Ms Bush explained that according to the last figures she had received on weddings, there was an average of 730 per annum in the Cayman Islands.
‘We could realistically aim to get 3,000 weddings per annum over the next five years,’ she said.
However, Ms Bush indicated that in pursuing the market for custom weddings and weddings of distinction (the target market being aimed for) it will be important to pinpoint sufficient sites to ensure that one wedding takes place at a time on each. She emphasised that quality of product and service could not be compromised.
‘By 2009 we’d like to aim for 3,000 weddings over the three islands. There is a lot of room for growth in this market.

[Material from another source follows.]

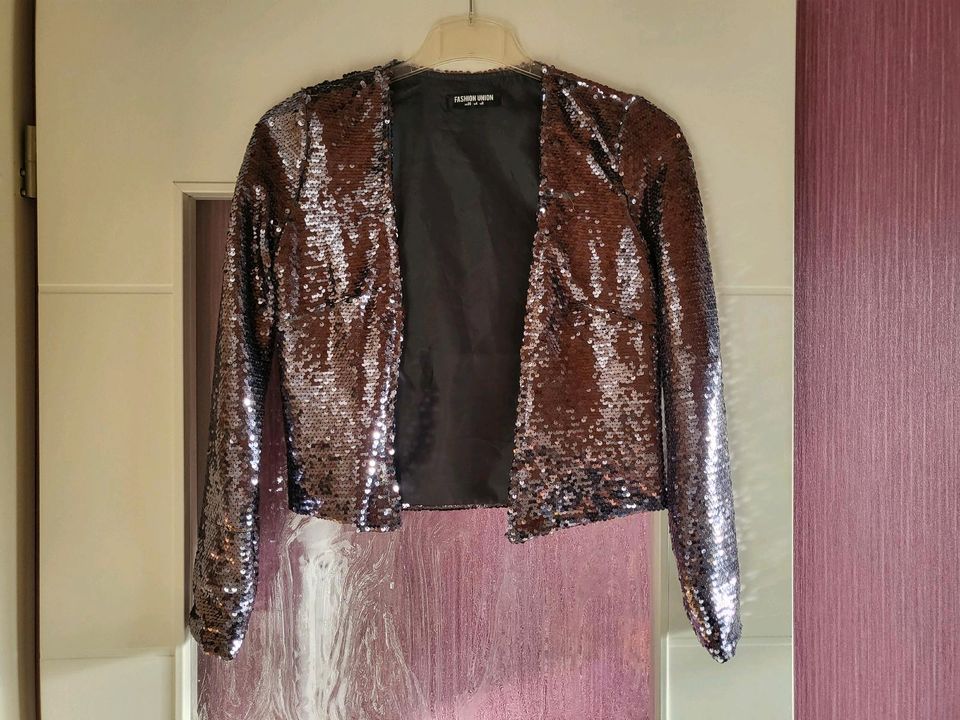 Paillettenblazer / Glitzerblazer Jacke Größe S /36 in Flieden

There are 52 weekends a year with about 10 suitable sites, so the potential is there,’ she said.
However, Ms Bush cautioned the private sector attendees that although DoT was laying the ground work for the research and marketing of Cayman as a wedding destination, it is up to the businesses to act on it.

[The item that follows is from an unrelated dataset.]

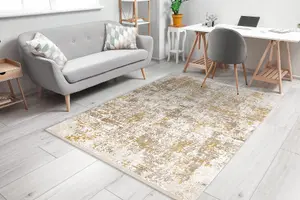 Modern carpet DUKE 51546 beige / gold - Vintage, structured, very soft 200x290 cm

‘We’ve built the foundation and we need to create the awareness and generate demand, but we are relying on you to manage the guest experience,’ she said.
Wedding expert Rebecca Grinnals of Engaging Concepts, who has been working with DoT on its wedding marketing and plans, outlined the strategy to position the Cayman Islands as the Caribbean Destination for discriminating couples.
She unveiled the latest 2005 survey from US sources as showing that the average number of guests at destination weddings is 88.
The ultimate goal for Cayman, she said, is to own the high-end Caribbean wedding destinations market.
Ms Grinnals gave some statistics to illustrate just how lucrative a market the wedding sector is.
She said that according to US statistics, 92 per cent of couples say they will return to the destination of their wedding.
In the last year 10 per cent of couples had a destination wedding, and it has seen a 200 per cent growth in the past 10 years.
The bride and groom stay an average of eight to 10 nights at the destination; $533 million is spent per year on room nights for destination weddings.
The average cost of a destination wedding is $23,302.
Other statistics indicate that 84 per cent of brides have once dreamed about a destination wedding, while 68 per cent considered it when they first got engaged.
Before they were engaged 70 per cent of brides dreamed about the setting of their wedding and 41 per cent dreamed of it being on the beach.
In choosing where to have their wedding, 30 per cent consider the price as a priority and in the planning of their wedding 59 per cent base it on the reception food.
In speaking about the competition in this market, Ms Grinnals outlined that Hawaii is at the top in popularity for destination weddings and it has doubled its figures for non-resident weddings in the past 10 years, to 16,000.
One interesting statistic given was that back in 1990 there were four wedding co-ordinators in Maui, Hawaii. Now there are nearly 300.
St Lucia owes 36 per cent of its tourism to weddings, while the Bahamas hosts almost 3,000 non-resident weddings a year.
Other important players in the market are Aruba, Bermuda, Jamaica, Barbados, Anguilla and Turks and Caicos.